─── RECORDS FOR THIS EXERCISE ───
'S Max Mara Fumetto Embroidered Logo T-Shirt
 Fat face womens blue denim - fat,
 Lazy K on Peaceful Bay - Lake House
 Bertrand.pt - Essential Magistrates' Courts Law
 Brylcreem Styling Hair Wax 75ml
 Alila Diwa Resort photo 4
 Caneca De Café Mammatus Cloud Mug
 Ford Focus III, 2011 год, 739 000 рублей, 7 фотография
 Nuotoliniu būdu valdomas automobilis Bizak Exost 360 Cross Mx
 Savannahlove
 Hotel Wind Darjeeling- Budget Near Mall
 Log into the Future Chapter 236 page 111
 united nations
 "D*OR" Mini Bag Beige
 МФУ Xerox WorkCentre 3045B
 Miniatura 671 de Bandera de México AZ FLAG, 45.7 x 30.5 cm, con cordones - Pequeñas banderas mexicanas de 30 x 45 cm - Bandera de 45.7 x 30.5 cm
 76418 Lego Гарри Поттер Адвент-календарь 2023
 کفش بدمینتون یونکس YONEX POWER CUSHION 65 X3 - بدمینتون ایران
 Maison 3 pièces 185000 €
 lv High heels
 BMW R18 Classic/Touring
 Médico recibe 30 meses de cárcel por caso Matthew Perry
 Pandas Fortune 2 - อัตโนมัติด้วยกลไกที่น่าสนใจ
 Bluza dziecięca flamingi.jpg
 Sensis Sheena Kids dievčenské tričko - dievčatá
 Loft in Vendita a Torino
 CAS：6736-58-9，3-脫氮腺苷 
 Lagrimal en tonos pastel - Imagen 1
───
• _DIRECTIONS_
Repeat exactly, and only, the lines of the records above, starting with the line that contains "МФУ Xerox WorkCentre 3045B" and ending with the final line, both included.

• _TASK SOLUTION_
 МФУ Xerox WorkCentre 3045B
 Miniatura 671 de Bandera de México AZ FLAG, 45.7 x 30.5 cm, con cordones - Pequeñas banderas mexicanas de 30 x 45 cm - Bandera de 45.7 x 30.5 cm
 76418 Lego Гарри Поттер Адвент-календарь 2023
 کفش بدمینتون یونکس YONEX POWER CUSHION 65 X3 - بدمینتون ایران
 Maison 3 pièces 185000 €
 lv High heels
 BMW R18 Classic/Touring
 Médico recibe 30 meses de cárcel por caso Matthew Perry
 Pandas Fortune 2 - อัตโนมัติด้วยกลไกที่น่าสนใจ
 Bluza dziecięca flamingi.jpg
 Sensis Sheena Kids dievčenské tričko - dievčatá
 Loft in Vendita a Torino
 CAS：6736-58-9，3-脫氮腺苷 
 Lagrimal en tonos pastel - Imagen 1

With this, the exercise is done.